For this listing, the lines between the one holding "#BoldSolutionsForOurFuture" and the one holding "India Handicrafts Inc", inclusive, must be set down exactly.

## Data excerpts:

━━━━━━━━━━━━━━━━

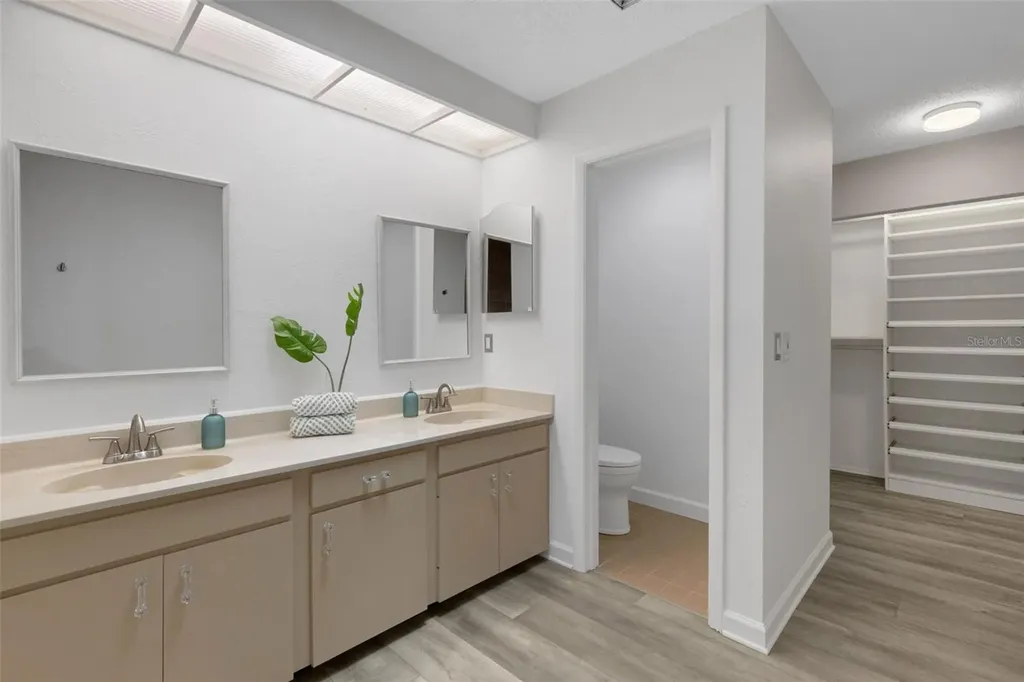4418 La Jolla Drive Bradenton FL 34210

━━━━━━━━━━━━━━━━

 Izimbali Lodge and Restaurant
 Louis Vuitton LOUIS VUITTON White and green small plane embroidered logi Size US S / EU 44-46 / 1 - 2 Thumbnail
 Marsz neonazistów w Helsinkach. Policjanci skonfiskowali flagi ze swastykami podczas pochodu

━━━━━━━━━━━━━━━━

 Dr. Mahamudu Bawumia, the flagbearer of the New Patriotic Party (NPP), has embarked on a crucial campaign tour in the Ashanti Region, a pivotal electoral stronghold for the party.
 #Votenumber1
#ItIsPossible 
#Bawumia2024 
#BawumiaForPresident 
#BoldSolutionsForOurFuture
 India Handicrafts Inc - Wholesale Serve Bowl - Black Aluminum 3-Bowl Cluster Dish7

━━━━━━━━━━━━━━━━

## Response for this exercise:
#BoldSolutionsForOurFuture
 India Handicrafts Inc - Wholesale Serve Bowl - Black Aluminum 3-Bowl Cluster Dish7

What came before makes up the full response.